ROMA – Ci risiamo, grandi banche incorreggibili, manipolazioni e scandali non finiscono. Barclays, l’istituto di credito più grande del mondo, truccava il mercato inglese dei tassi di interesse (Libor), quello che si applica sui prestiti e sui mutui alle famiglie, per tutelare reputazione e rating della banca e continuare come se niente fosse a moltiplicare gli utili dei traders. Attraversato l’Atlantico la musica non cambia: non saranno solo di due miliardi o poco più, come annunciato dalla società, ma potrebbero più che quadruplicare le perdite di JP Morgan sui derivati.
E’ l’eredità del buco creato dal trader francese: 9 miliardi di dollari, una mezza finanziaria di un paese di medie dimensioni, in piena crisi finanziaria dell’area euro. Ci siamo già scordati di Lehman Brothers? La finanza anglosassone, in piena crisi di credibilità, avrebbe dovuto dotarsi di nuovi e severi strumenti di controllo, di un chiaro sistema di repressione di peccati che, nonostante abbiano messo in ginocchio l’economia mondiale, non sono ancora diventati fattispecie di reato.
L’ex ceo di Barclays Bank Martin Taylor non si è lasciato sfuggire l’occasione per sparare a zero sull’attuale numero 1 Bob Diamond, descrivendo con rara efficacia la situazione: disonestà, incompetenza follia. Con la “disonestà elevata a sistema”. A Diamond saranno fischiate le orecchie, ma intanto ha dovuto rinunciare al milionario bonus del 2012, dopo che era riuscito a conservarlo nonostante il parere contrario degli azionisti. Ma del clamoroso maquillage ai tassi di interesse, nessuno per ora è il responsabile.
La banca se la cava con una multa da 450 milioni di dollari, mentre il titolo è precipitato di un buon 15%. Il premier inglese Cameron, per una volta insolitamente duro con le banche, adesso invoca revisioni legislative e l’introduzione di strumenti giuridici per dare rilevanza penale ai misfatti e ai trucchi contabili. Trucchi, comportamenti fraudolenti, accoppiamenti poco giudiziosi fra regolatori regolati, durano da 4 anni. Il Libor regola scambi per migliaia di miliardi di dollari, si attendono nuove rivelazioni, altri scandali.

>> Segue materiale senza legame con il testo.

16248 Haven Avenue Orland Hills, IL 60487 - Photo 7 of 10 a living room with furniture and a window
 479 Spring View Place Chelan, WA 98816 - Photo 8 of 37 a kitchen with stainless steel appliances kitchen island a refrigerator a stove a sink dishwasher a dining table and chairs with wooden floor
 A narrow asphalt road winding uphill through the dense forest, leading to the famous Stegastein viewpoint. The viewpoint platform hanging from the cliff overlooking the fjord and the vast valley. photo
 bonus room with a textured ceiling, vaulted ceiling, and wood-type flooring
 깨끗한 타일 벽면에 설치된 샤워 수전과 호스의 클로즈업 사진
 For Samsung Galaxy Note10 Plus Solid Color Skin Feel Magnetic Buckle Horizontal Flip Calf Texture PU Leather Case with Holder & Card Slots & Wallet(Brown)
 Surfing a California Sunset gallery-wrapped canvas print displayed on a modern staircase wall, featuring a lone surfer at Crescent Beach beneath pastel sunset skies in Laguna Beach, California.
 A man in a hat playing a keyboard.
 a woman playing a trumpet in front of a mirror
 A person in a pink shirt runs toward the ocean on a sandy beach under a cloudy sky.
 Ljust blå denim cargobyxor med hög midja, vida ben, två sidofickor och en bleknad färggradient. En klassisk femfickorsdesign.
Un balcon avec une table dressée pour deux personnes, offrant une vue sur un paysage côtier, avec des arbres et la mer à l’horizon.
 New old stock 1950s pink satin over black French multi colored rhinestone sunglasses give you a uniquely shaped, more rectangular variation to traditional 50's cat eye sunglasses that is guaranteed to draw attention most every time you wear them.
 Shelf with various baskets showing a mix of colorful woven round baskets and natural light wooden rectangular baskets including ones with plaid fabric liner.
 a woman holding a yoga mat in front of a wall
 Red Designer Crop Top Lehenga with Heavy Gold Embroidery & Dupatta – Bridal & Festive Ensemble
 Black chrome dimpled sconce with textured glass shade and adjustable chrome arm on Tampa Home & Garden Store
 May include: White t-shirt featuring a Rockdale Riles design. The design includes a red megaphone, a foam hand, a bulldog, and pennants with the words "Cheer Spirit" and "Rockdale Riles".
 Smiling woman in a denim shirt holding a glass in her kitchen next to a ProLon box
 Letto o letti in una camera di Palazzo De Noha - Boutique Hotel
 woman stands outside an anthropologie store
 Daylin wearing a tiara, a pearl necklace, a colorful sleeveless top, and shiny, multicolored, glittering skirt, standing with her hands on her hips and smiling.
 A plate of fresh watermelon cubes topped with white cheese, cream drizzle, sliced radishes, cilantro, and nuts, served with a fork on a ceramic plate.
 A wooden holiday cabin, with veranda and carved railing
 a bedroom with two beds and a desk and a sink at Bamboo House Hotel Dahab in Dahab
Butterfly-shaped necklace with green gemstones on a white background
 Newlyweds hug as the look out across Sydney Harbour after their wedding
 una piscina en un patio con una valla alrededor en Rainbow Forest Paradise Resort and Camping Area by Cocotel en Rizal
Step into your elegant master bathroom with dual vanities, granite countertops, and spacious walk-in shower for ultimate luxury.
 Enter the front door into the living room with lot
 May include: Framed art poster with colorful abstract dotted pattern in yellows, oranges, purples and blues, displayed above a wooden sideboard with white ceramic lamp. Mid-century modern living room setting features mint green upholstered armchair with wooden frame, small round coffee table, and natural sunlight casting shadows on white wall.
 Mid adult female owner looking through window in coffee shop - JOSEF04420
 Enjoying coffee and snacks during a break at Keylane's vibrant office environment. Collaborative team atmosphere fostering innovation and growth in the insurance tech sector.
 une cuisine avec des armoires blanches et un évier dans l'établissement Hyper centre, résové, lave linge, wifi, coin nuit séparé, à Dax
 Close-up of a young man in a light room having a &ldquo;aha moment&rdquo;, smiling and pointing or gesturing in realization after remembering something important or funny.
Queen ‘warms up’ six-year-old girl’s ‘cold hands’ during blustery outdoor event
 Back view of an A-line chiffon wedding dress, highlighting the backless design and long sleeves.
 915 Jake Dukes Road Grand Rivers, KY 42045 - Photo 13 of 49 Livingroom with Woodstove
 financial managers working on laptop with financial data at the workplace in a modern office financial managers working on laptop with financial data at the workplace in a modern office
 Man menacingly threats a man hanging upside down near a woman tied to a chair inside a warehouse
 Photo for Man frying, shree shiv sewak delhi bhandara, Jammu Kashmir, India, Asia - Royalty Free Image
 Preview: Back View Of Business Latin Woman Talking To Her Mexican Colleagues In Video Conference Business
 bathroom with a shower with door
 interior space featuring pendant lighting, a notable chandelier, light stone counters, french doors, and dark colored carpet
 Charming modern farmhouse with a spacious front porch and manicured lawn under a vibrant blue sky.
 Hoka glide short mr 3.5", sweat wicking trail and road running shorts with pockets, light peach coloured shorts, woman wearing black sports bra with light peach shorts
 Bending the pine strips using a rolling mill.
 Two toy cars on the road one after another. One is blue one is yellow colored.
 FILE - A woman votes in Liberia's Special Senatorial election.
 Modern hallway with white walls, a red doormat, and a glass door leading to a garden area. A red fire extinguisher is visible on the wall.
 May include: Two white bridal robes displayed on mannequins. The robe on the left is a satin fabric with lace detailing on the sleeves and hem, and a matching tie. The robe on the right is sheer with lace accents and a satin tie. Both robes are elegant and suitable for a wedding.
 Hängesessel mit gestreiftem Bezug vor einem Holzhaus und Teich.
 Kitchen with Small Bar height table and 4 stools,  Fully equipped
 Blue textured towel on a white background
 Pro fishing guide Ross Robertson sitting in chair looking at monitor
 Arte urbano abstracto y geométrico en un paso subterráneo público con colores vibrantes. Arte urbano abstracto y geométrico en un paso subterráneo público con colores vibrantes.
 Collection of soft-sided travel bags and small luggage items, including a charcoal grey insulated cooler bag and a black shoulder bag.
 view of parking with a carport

Nel frattempo vedremo se la puntata di James Dimon, da non confondere con Diamond, il ceo di JP Morgan, è stata presa sulla scorta di bugie e artifici o davvero la banca assicurerà davvero un trimestre “solidamente redditizio”. Lo appureremo il 13 luglio prossimo. Lui ci crede, come crede, incurante della realtà sotto gli occhi di tutti, che più stringenti regolamentazioni agli eccessi e ai vizi strutturali della finanza, non sono necessarie e addirittura controproducenti. Errare è umano, perseverare è diabolico. Dimon, demon, siamo lì.